----- RECORDS FOR THE EXERCISE

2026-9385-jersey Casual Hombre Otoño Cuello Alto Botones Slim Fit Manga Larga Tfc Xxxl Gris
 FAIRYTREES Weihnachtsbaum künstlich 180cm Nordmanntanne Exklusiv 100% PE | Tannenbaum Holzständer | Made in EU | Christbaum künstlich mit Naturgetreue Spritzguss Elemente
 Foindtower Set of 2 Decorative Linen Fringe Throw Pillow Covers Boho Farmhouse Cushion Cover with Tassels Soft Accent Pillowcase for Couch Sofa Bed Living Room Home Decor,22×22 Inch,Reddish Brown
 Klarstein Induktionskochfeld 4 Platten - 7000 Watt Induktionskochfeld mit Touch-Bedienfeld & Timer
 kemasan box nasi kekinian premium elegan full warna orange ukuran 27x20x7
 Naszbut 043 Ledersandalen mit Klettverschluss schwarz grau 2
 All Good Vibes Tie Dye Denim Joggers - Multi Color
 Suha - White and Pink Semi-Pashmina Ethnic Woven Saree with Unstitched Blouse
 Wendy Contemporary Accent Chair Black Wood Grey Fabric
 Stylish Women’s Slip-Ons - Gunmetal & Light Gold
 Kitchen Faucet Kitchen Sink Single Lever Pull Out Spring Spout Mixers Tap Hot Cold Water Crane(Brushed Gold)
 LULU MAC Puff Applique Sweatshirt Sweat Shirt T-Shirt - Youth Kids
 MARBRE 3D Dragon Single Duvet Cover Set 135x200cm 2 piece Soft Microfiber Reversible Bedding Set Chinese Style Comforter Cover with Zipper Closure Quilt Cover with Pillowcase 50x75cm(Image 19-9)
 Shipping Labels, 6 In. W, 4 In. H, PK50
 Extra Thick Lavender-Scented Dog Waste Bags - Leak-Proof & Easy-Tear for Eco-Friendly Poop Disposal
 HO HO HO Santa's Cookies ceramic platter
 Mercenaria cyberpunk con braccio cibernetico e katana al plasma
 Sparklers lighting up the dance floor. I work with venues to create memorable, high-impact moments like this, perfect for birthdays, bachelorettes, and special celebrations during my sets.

----------

◆ **EXERCISE**
Transcribe exactly, starting at the line with "All Good Vibes" and continuing through the last line of the data above; leave out all earlier lines.

◆ **SOLUTION TO THIS TASK**
 All Good Vibes Tie Dye Denim Joggers - Multi Color
 Suha - White and Pink Semi-Pashmina Ethnic Woven Saree with Unstitched Blouse
 Wendy Contemporary Accent Chair Black Wood Grey Fabric
 Stylish Women’s Slip-Ons - Gunmetal & Light Gold
 Kitchen Faucet Kitchen Sink Single Lever Pull Out Spring Spout Mixers Tap Hot Cold Water Crane(Brushed Gold)
 LULU MAC Puff Applique Sweatshirt Sweat Shirt T-Shirt - Youth Kids
 MARBRE 3D Dragon Single Duvet Cover Set 135x200cm 2 piece Soft Microfiber Reversible Bedding Set Chinese Style Comforter Cover with Zipper Closure Quilt Cover with Pillowcase 50x75cm(Image 19-9)
 Shipping Labels, 6 In. W, 4 In. H, PK50
 Extra Thick Lavender-Scented Dog Waste Bags - Leak-Proof & Easy-Tear for Eco-Friendly Poop Disposal
 HO HO HO Santa's Cookies ceramic platter
 Mercenaria cyberpunk con braccio cibernetico e katana al plasma
 Sparklers lighting up the dance floor. I work with venues to create memorable, high-impact moments like this, perfect for birthdays, bachelorettes, and special celebrations during my sets.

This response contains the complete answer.